Although monetary stability is one of the areas of promise of Abiy, it failed to achieve it in the last year, with the gap between the formal and parallel markets staying around 13 Br and inflation standing at 18%. The administrative measure taken by law enforcement on parallel market has pushed it to evolve to a decentralized function.


Ethiopia’s debt distress remains in the moderately high regime. Although Abiy’s administration managed to reschedule some outstanding debt payments, it did not bring fundamental change in the debt management framework. Total debt stock remains increasing, although new additions are largely concessional. In this regard, the strain in the relationship with China is putting huge pressure on the administration.


With export remaining static, at around 2.8 billion dollars, and import continuing to increase, debt repayment has become a huge challenge for the administration. Nothing new has come in changing the performance of exports.


A major challenge for the administration, however, comes from massive youth unemployment. As such, the administration, except institutionalizing the problem under a newly formed Job Creation Commission, is yet to introduce a new jobs pack with defined focus areas, operational mechanisms, business development support and financing backup. The trend is that of using the old, but largely inefficiency and confused, systems of organizing SMEs. Although the state still funds the Revolving Youth Fund, a dedicated financing window, the effectiveness of the fund is hugely challenged by poor administration, lack of business development support, inflexibility in list of businesses financed, mismatch between financing demand and supply, lag between approval and disbursement, and many more. Weak and infant private sector means that the job creation impact of the sector remains low.
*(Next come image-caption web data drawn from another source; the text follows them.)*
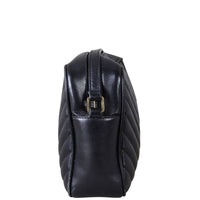 Saint Laurent Lou Camera Bag Side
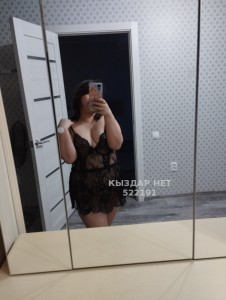 Проститутка Актау Девушка№522191 Нара Фотография №3904061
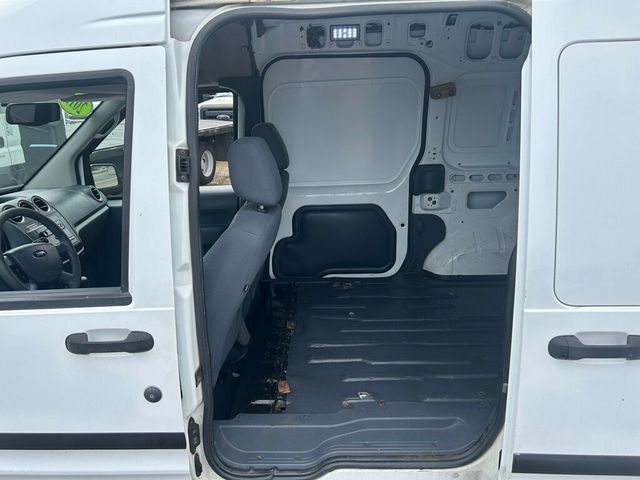 2013 Ford Transit Connect Cargo FINANCING AVAILABLE - 22921416 - 9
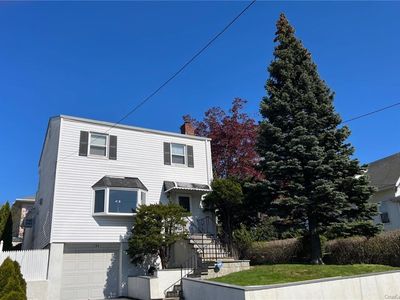 134 Wickes Ave, Yonkers, NY, 10701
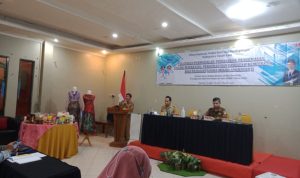 UMKM Tanah Laut tahun 2023, bakal terima Ratusan juta Dana DAK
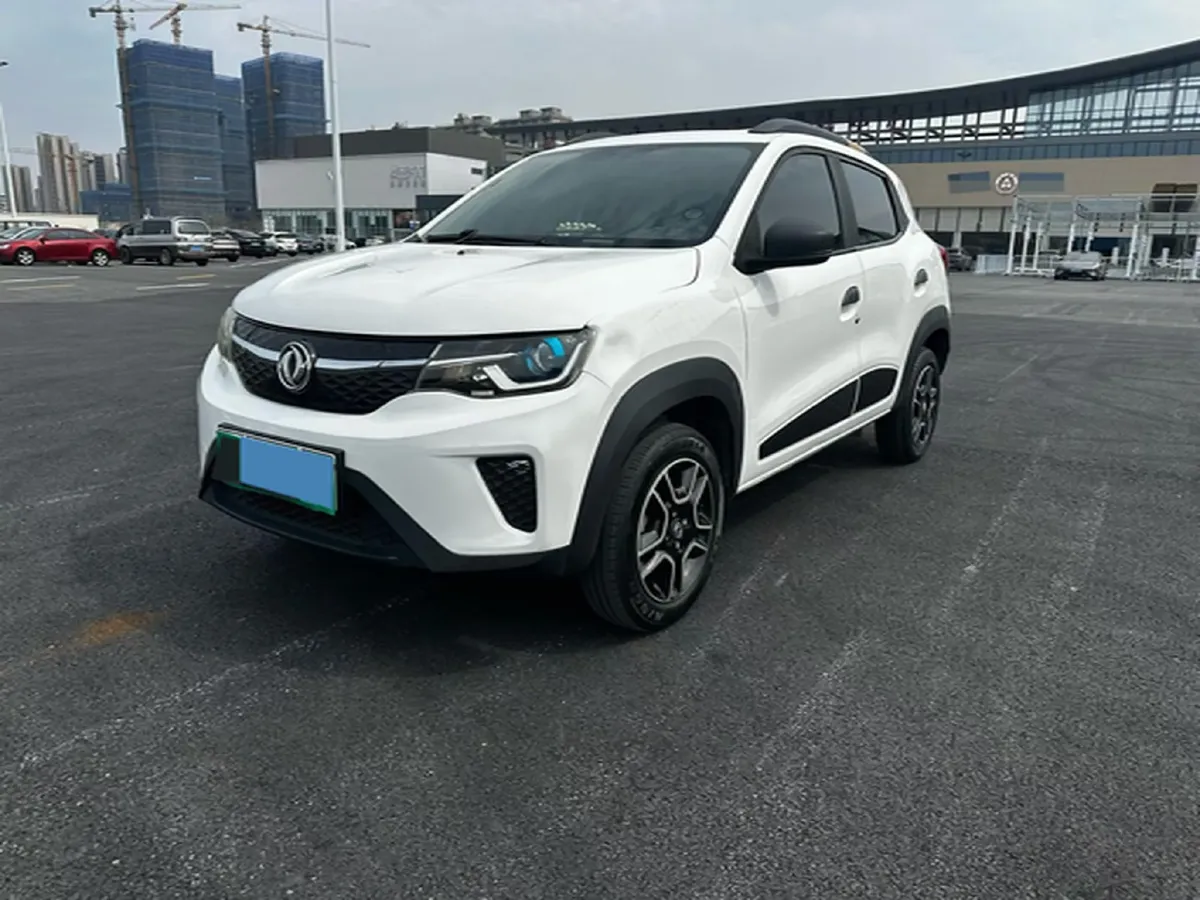 2021 BAIC ChangHe EV2 BEV 10.37KWH,autocango,china used car exporter,china ev exporter,chinese used car exporter,chinese used ev exporter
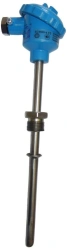 Temperature sensor TC5008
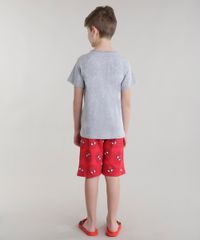 Pijama-Homem-Aranha-Cinza-Mescla-8659783-Cinza_Mescla_2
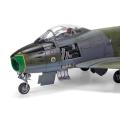 Miniature 7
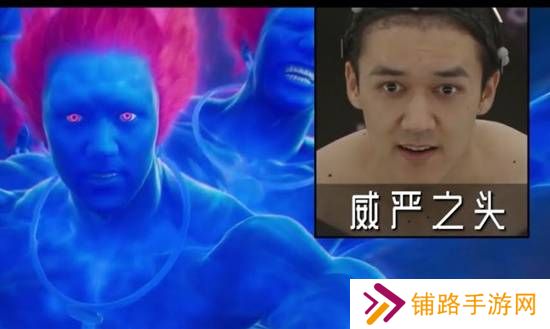 极乐软件园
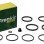 ΚΙΤ ΕΠΙΣΚΕΥΗΣ ΔΑΓΚΑΝΑΣ ΕΜΠ. BMW R850/1100/1200 89-96 (62-2014) FRENKIT - (ΙΣΠ)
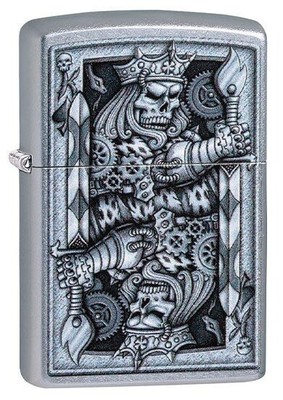 Other Zippo Lighters, Zippo, Lighters, Tobacciana, Collectibles ...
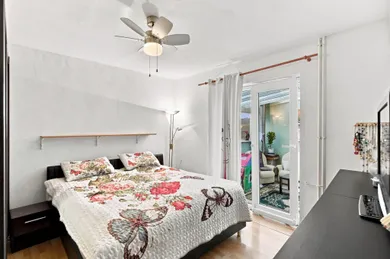 Na predaj dom, 180 m², Bratislava-Podunajské Biskupice, Petöfiho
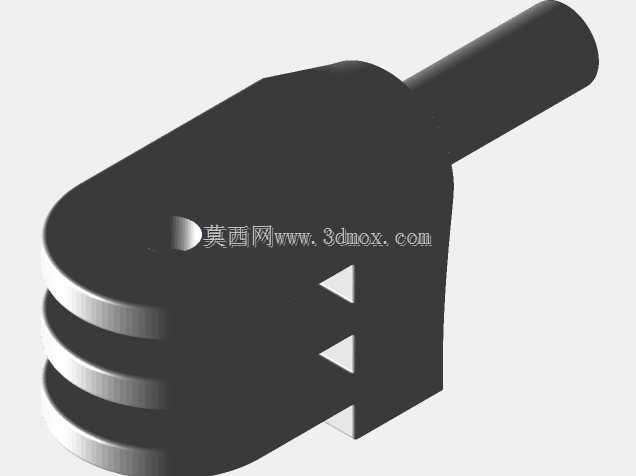 重新安装3D打印机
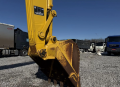 Komatsu PC300-8M0 [8]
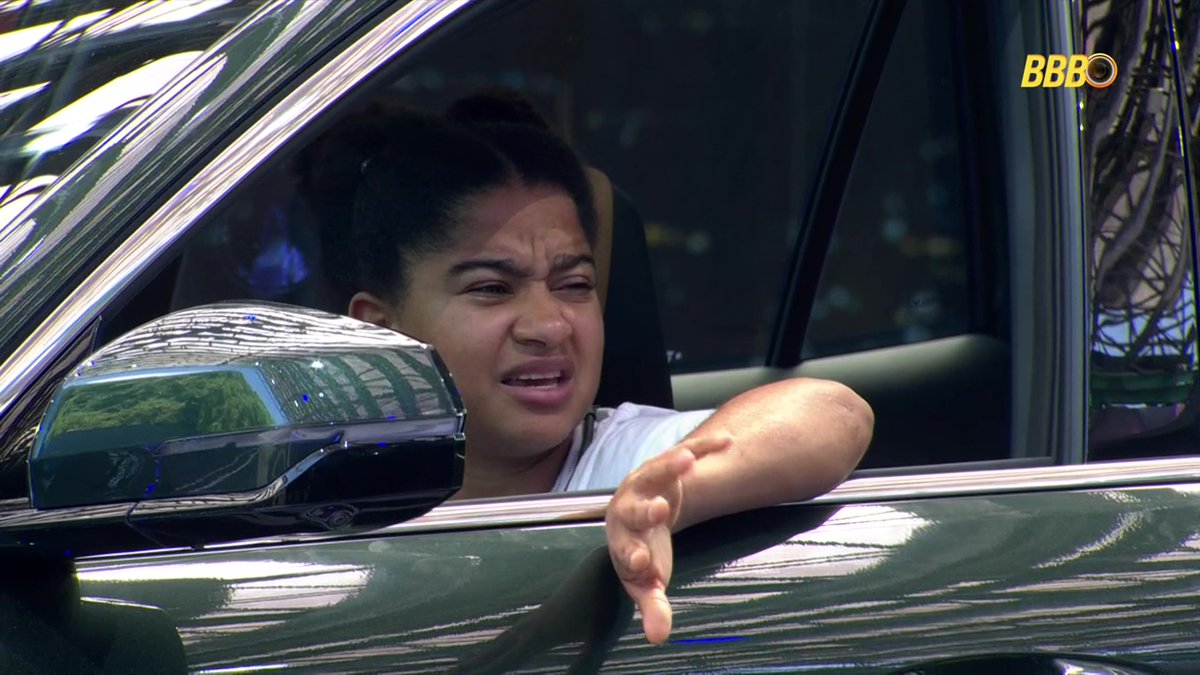 Antenados tweet media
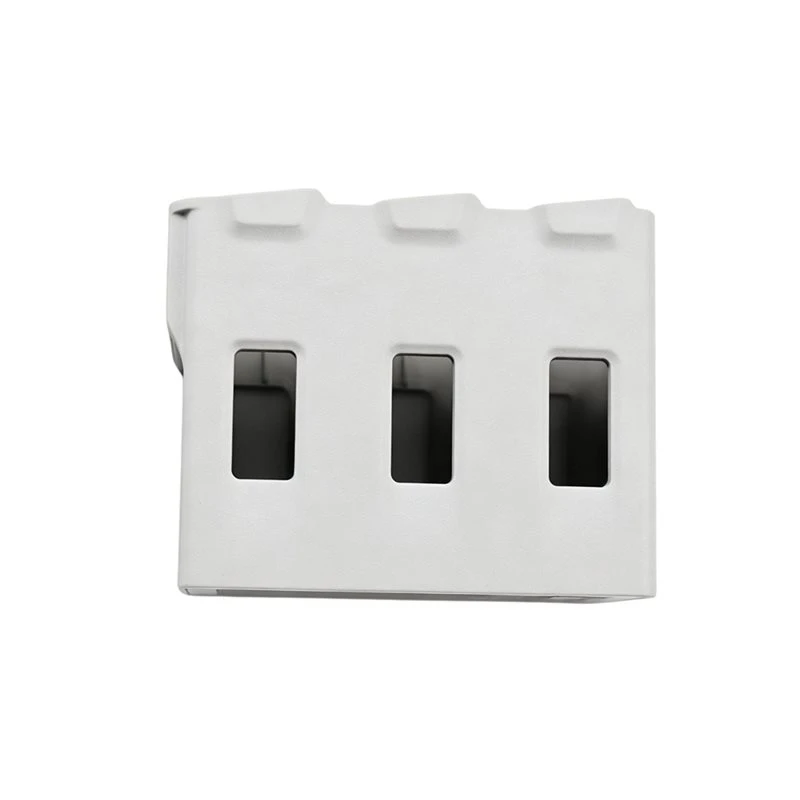 stylish-charging-hub-for-dji-lito-1-smart-multi-battery-charging-station-battery-charging-manager-drone-accessory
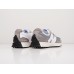 Кроссовки New Balance 327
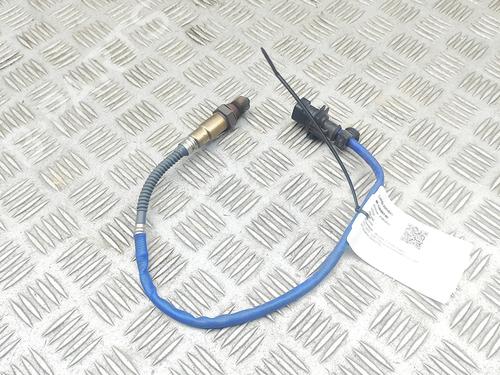 Elektronisk sensor Elektronisk sensor 39205867 39205867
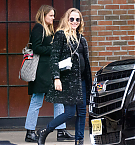 Filename=019.jpg
Filesize=1010KiB
Dimensions=1823x2310
Date added=Nov 14, 2025 019.jpg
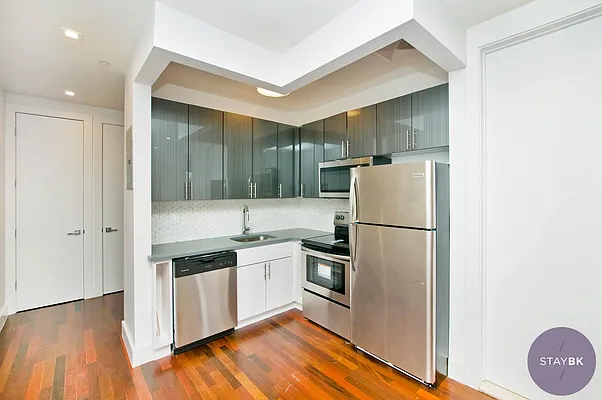 Rented by StayBK LLC | media 20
In terms of industrialization, too, the approach has been to attract as much FDI as possible. But many of the Industrial Parks, developed by use of financing obtained through Ethiopia’s debut Euro Bond, are still looking for investors. Total annual export of the Parks stays at 110 million dollars, way lower than the 2 billon dollar target. Although it is decided that the Parks will be privatized, the process and whether it is feasible is not yet clear.
The financial sector also remains under distress. The way forward for Development Bank of Ethiopia (DBE) is not clear, with its NPL standing at 33%. CBE also hosts huge state related liability, although its credit portfolio is not public. The private banks are well capitalized for the current market, but this does not mean that they can withstand competitive pressure from outside, if the sector is liberalized. As such, the guidance from the central bank in terms of creating competitive banks was no different than before.
In line with this, it is recommended that:

  1. The government ought to indicate clear policy lines to address structural challenges (such as lower productivity, static export, unemployment, low industrial growth, high trade deficit, expanding current account deficit, inflation, exchange rate depreciation….).
  2. Support to private sector ought to be aligned with the national job creation agenda.
  3. Suspicion between the federal and regional governments ought to be resolved as this hampers effective economic policy implementation.
  4. Expenditure saving fiscal policy ought to be the day-to-day norm in the state.
  5. Supply chains of basic consumables ought to be returned back to the private sector.
  6. Debt management policy ought to be reviewed
  7. Monetary policy ought to be disentangled from fiscal policy and it needed to get away from its long overdue deficit financing orientation.
  8. Job creation schemes ought to be integrated and so should the financing of SMEs.
  9. Relation with neighbors, particularly with Eritrea, ought to be based on principles and ought to be arranged in a way that avoids economic meddling.
  10. Overall market reform should precede privatization.